* **Assigned task**:
All the lines below need retyping exactly, apart from the images.

* **Provided data**:
^^^^^^^^

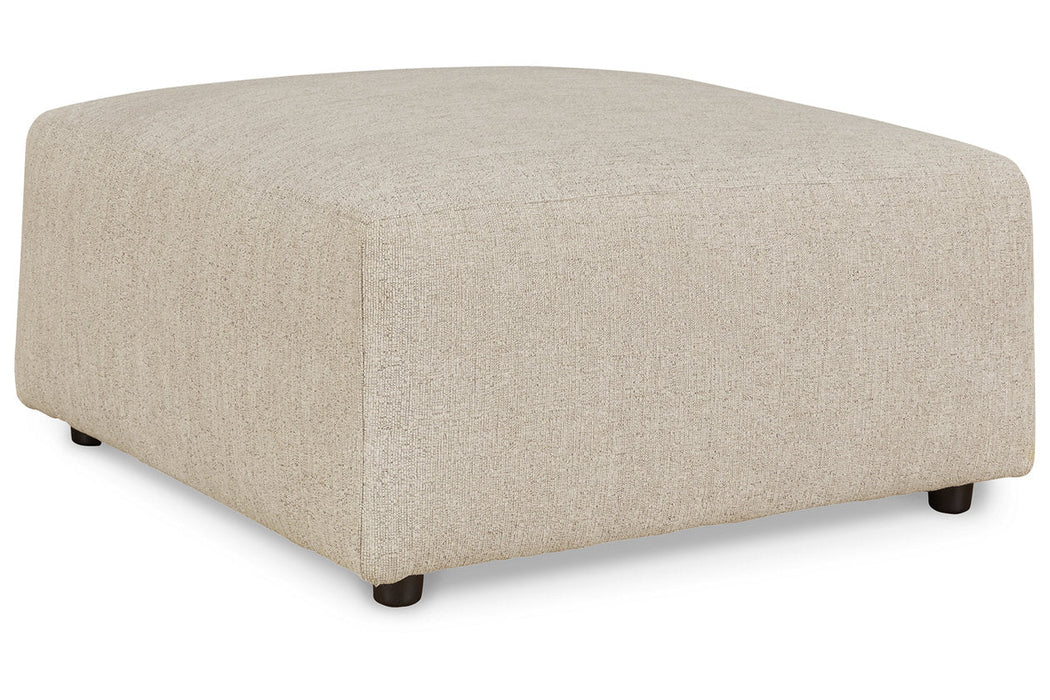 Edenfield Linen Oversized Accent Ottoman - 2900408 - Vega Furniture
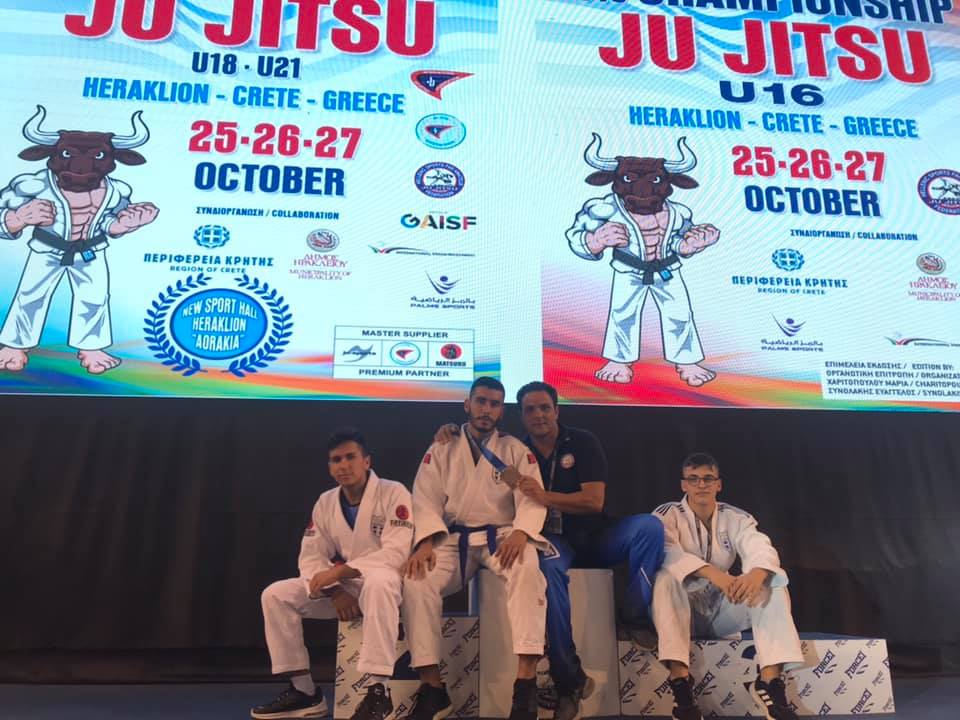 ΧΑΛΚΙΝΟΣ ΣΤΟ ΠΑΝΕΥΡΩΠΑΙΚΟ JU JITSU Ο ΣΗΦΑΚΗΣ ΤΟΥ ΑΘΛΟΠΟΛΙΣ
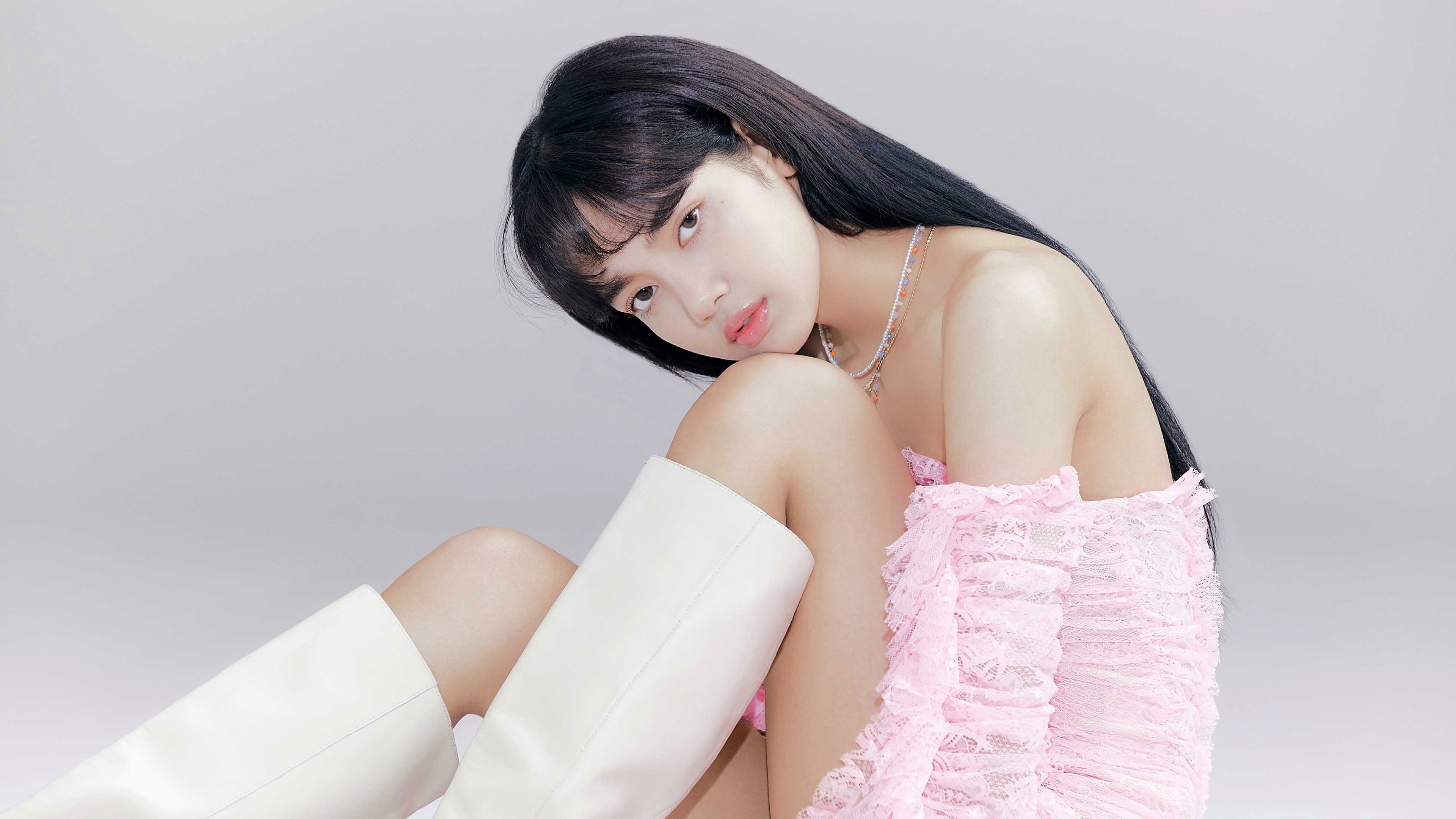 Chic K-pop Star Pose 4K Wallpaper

^^^^^^^^

* **Exercise result**:
 Edenfield Linen Oversized Accent Ottoman - 2900408 - Vega Furniture
 ΧΑΛΚΙΝΟΣ ΣΤΟ ΠΑΝΕΥΡΩΠΑΙΚΟ JU JITSU Ο ΣΗΦΑΚΗΣ ΤΟΥ ΑΘΛΟΠΟΛΙΣ
 Chic K-pop Star Pose 4K Wallpaper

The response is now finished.